I saw a really cute bat garland on a FB Halloween site, they want $50 for a 4' garland so I decided to make my own. I will include the pix below. I used what I had at home and bought the skeletons from Dollar Tree, I have a large mantel and need 6 of the skeleton bats to go across, so it cost $6.
Step 1) paint you bats. (I chose black b/c I have a white mantel and like the contrast) Tip... When you paint, make sure you get inside the rib cages and the arm pits, that yellow plastic stands out.
Step 2) connect the bats together. I saved the twisties from the packaging. They're black and blend in. I considered mini zip ties but the ones I have are white and they stand out too much. I chose just before the tip of the wing to connect them at a natural joint. Lay 2 side by side, center the twisty on the bottom and feed thru the wings. 3 twist in top, feed back thru and finish twisting. 
Step 3) hang them up. I chose to use clear push pins under each of the joints. I tried a few different ways and like this best. I may move them up some so it looks like they're hanging off the top.

Super easy.
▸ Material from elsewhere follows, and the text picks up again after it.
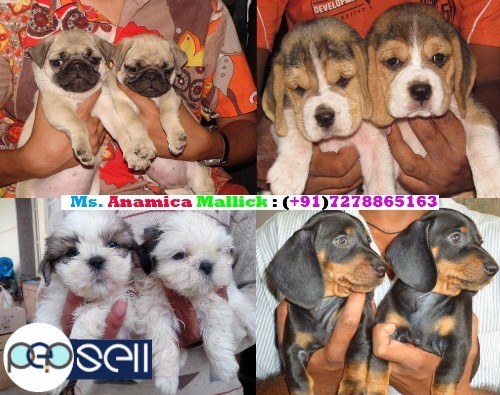  We Are Offering Our Super Friendly Massive Pet Quality And Show Quality Puppies For Sale. 2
Painting took 5 mins, I did let them dry over night, then did touch ups, took 5 mins to twist them together and hang. $1each for the bats, black spray paint I already had and push pins/nails to hang up.


----------



## Saki.Girl (Aug 22, 2012)

looks great


----------



## Frankie's Girl (Aug 27, 2007)

I really like it! 

And you have an admirer in the last photo too that I hope kept their paws off!


----------



## Homer Rocks (Jun 4, 2020)

Frankie's Girl said:


> Lol! Thats my lovely assistant. He's making sure everything is nice and straight. 😺


----------